UPS AND DOWNS
This morning I ran in a local 5K. It's a route I run frequently and therefore know every inch of. I'd been looking forward to it for weeks. When I woke up this morning, it was already pretty warm and muggy. I did my normal pre-run routine and got to the registration table in plenty of time.
I hate being early to races because then you have more time to stand around getting nervous. I found a patch of shade and just kind of stood there... getting nervous. I wasn't out to break any world records, that's for sure. But I wanted to do well. My PR for a 5K is 26:55 (although if we wanna get technical, that was a race without a chip so I suppose it could have been a few seconds less than that.)
Over the years, I've definitely improved. I used to always be in the 28:00 range. I guess what would make me really happy would be to break 26:00... even if it were just 25:59. There's something about having that 25.
So anyway, I'm standing there minding my own business when this lady who's stretching beside me says,
"Guess we're all fighting for the shade today, huh?"
"Yeah. It's pretty hot already," I answered.
"Yeah - I hope I don't go down again."
"Last week I collapsed in the middle of the SoAndSo Classic, see?" She pointed to her nose. There was a scab on it and one on her cheek.
"Ouch! I bet that sucked," I replied.
"Yeah, I really pushed myself. I'm not so good in the heat. Last year I went down in a 5K right at mile 3. I could see the finish line! Not today. I'm taking it easy. Gonna jog it. Not pushing for more than a 24:00."
Great. I should have known she was one of "those people" by her 2% body fat. She proceeded to tell me all about how fast she can run and how she only needs a 4:10 to qualify for Boston because she's 51. Then, the dreaded question:
"How fast do you usually average a 5K?"
"Uhh.. like 25 or 26," I lied.
"Oh good. Maybe I'll just stick by you today then."
"You know, you're young. You could really improve your time with some speedwork," she offered.
"Yeah well, I haven't really been running that long," I lied again.
"Hey, I'm gonna so get some water - I'll be right back!"
When she walked away, I quickly rounded the corner and lost myself in the crowd. She'd totally fucked up my self-esteem and I was pissed. Pissed at myself for not running more or doing speedwork. Pissed at ice cream for being so creamy, sweet, and evil.

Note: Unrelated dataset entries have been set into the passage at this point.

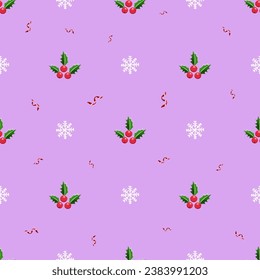Red Cherry Pattern Purple Background Pastel Design Plaid Buffalo Scott Gingham Pattern Cartoon Vector Seamless Pattern Print Background Fashion Cloth Picnic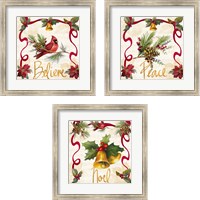 Framed Christmas Poinsettia Ribbon 3 Piece Framed Art Print Set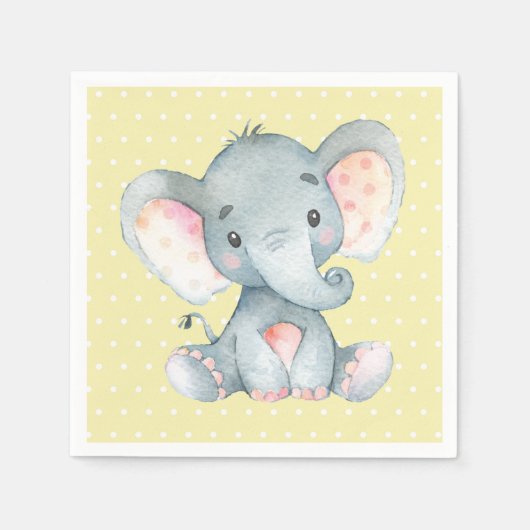 Olifant Baby shower gele servetten (Voorkant)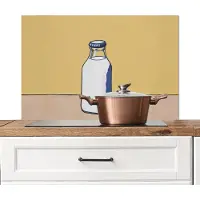 KitchenYeah Spatscherm keuken 80x55 cm - Kookplaat achterwand Glazen - Fles - Illustratie - Melk - Muurbeschermer - Spatwand fornuis - Hoogwaardig aluminium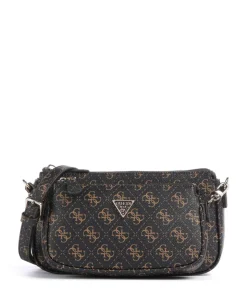 Noelle Q Logo Schultertasche Lederimitat dunkelbraun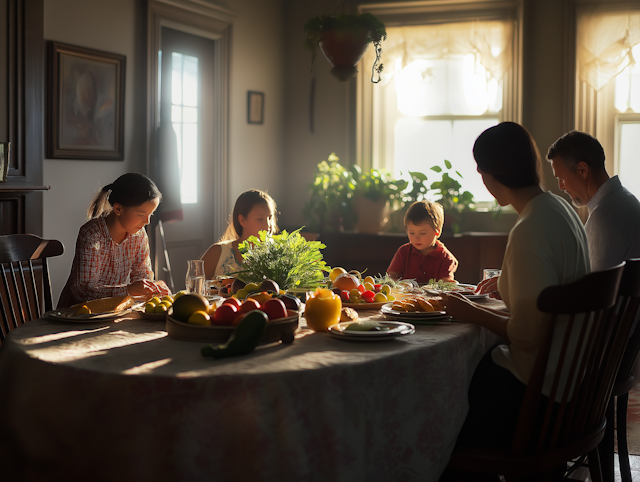 Family Gathering Around Dining Table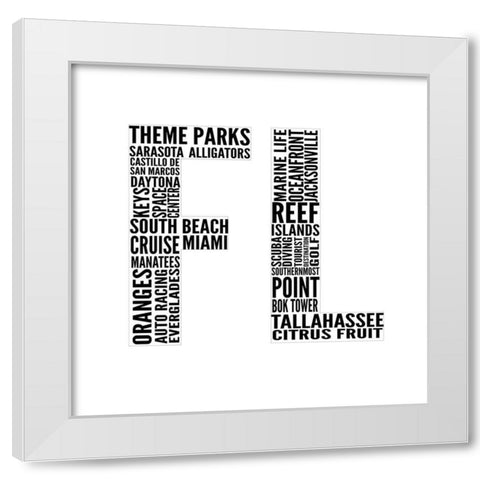 FL Type White Modern Wood Framed Art Print by SD Graphics Studio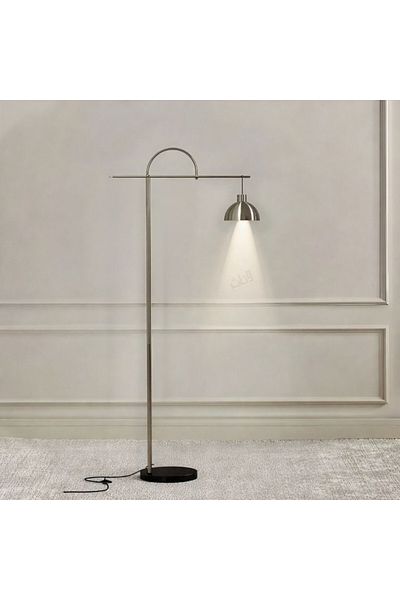 Ebticar Distinctively long silver floor lamp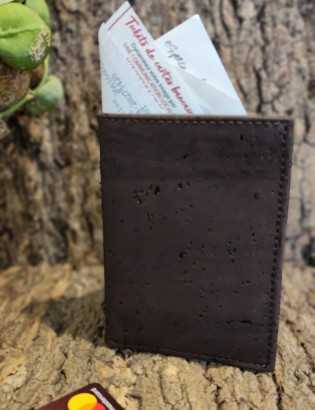 Etui carte bancaire brun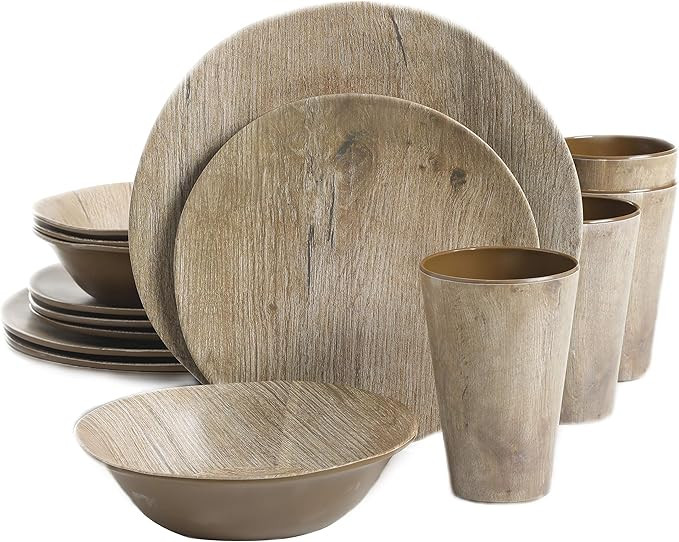 Amazon.com | Gibson Home Woodlands Round Melamine Dinnerware Set, Service for Four (16pcs), Wood:... | Amazon (US)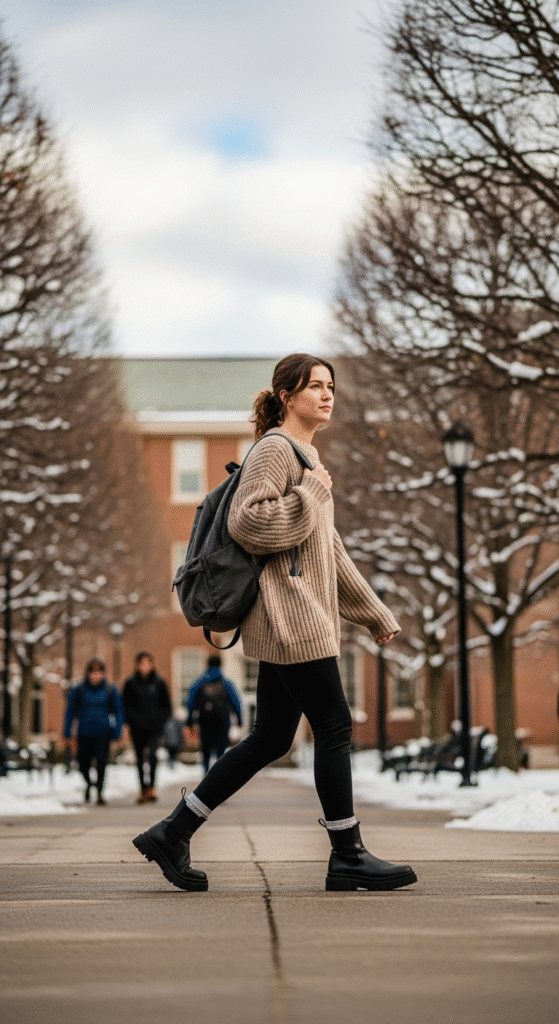 Oversized Sweaters with Leggings - Cozy Winter Outfits for College Students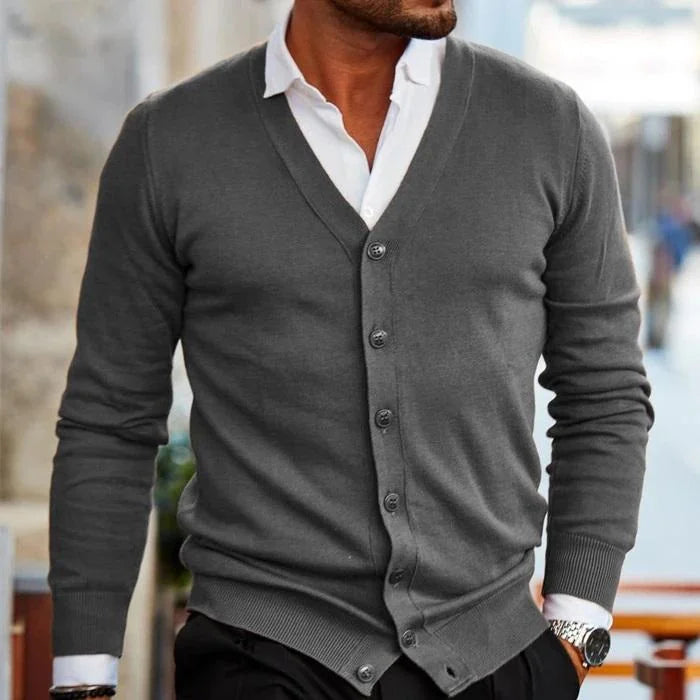 Black Men's Cardigan – Button Front Classic Winter - Grey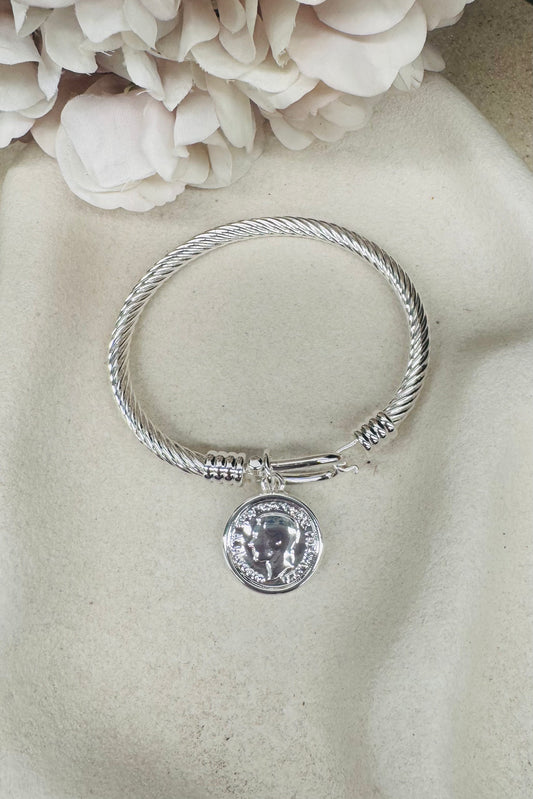Rope Coin Bangle - Silver
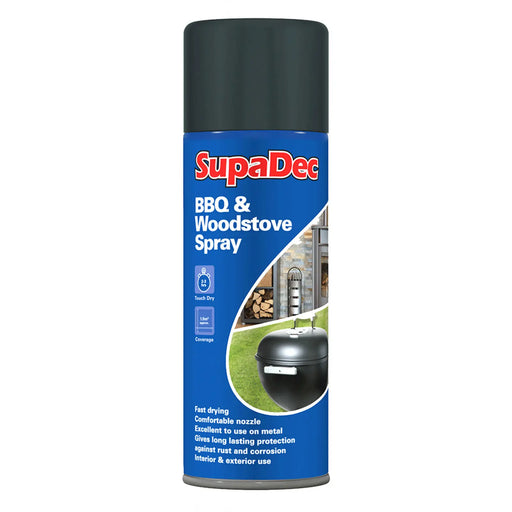 SupaDec BBQ & Woodstove Spray Black 400ml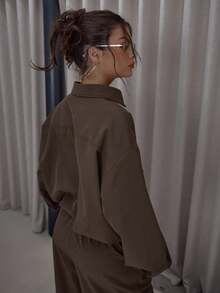 MUSERA 领口细节尼龙口袋收紧弹力下摆防风上衣（仅上衣）街头风可爱优雅休闲性感外出秋季圣诞节圣诞节，优雅节日，假日，派对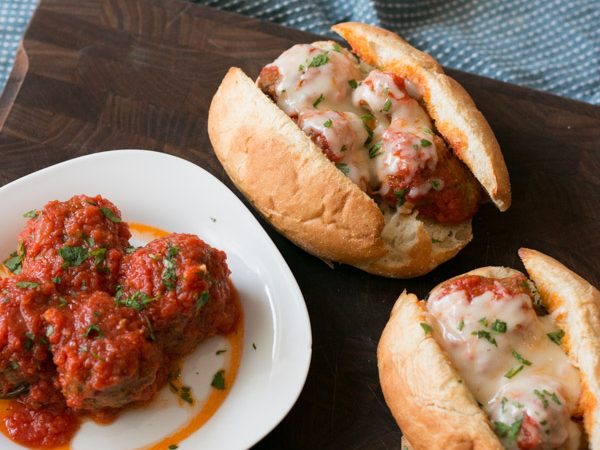 Meatball Parm Subs on Garlic Bread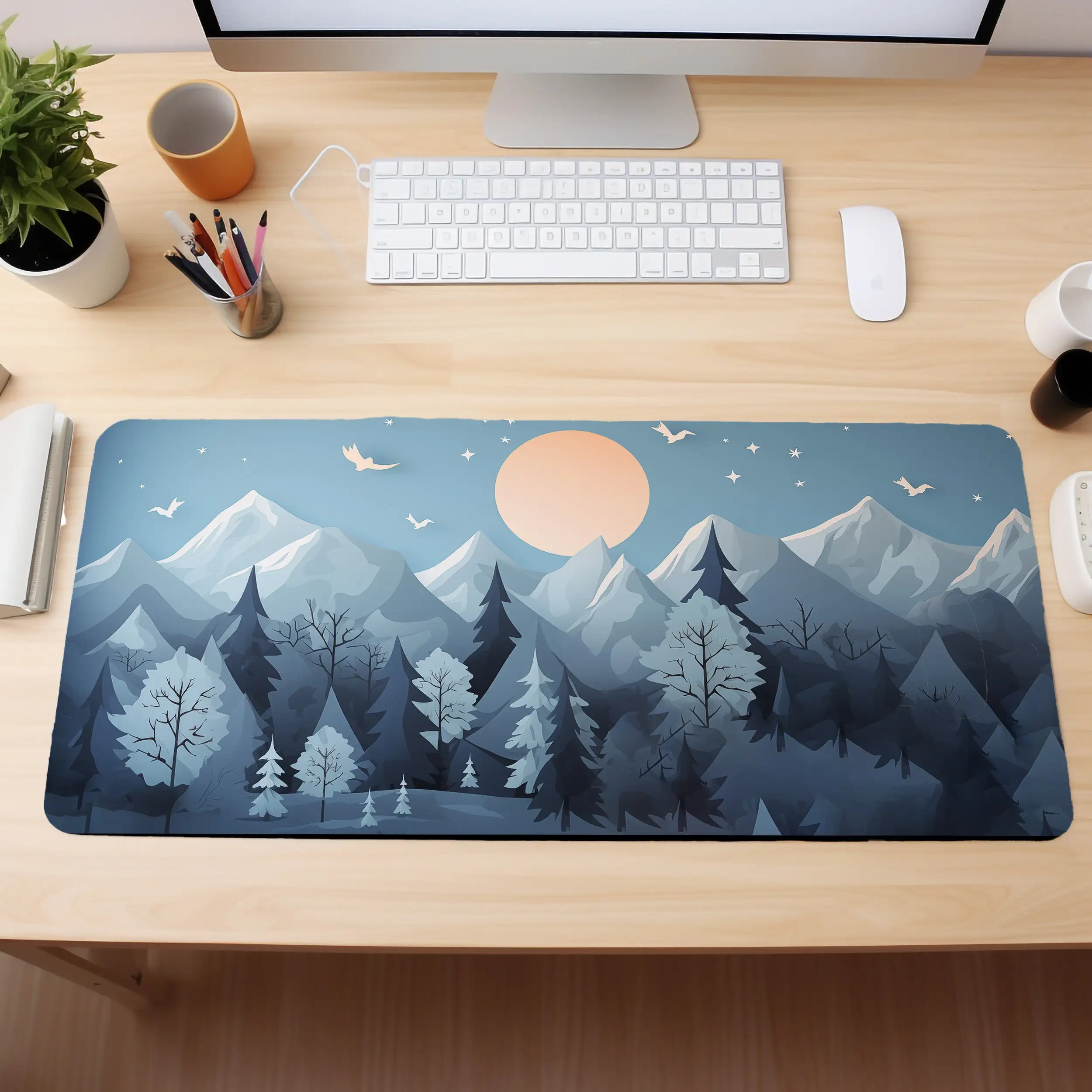 Blue Mountain Aesthetic Mountain Deskmat,Cute Mountain Mouse Pad,Aesthetic Mousepad,Extra Large Keyboard Mat,Computer Desk Mats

As I was running the race, I started letting go of my bad feelings. So what if I am not the world's fastest runner? At least I am not insane enough to push myself to the point of passing out in a race... seemingly on a regular basis! So what if I don't have 2% body fat? Who cares what the clock says anway? I passed younger, fitter people and had a really good race, despite the oppressive heat and hilly course.
When I got to the clock at the end, it said 27:50 (without chips). Although a little deflated, I still felt pretty good. I was out there doing something that not everyone can do, and I did it to the best of my ability.
And now I need to go take a shower and get to a graduation party. A friend of mine from high school just earned her law degree from Fordham and I'll get to see a bunch of people I haven't seen in 13 years. And 13 years ago, I wasn't a runner and was 30 lbs. heavier. So there's hope that my ego may bounce back today after all!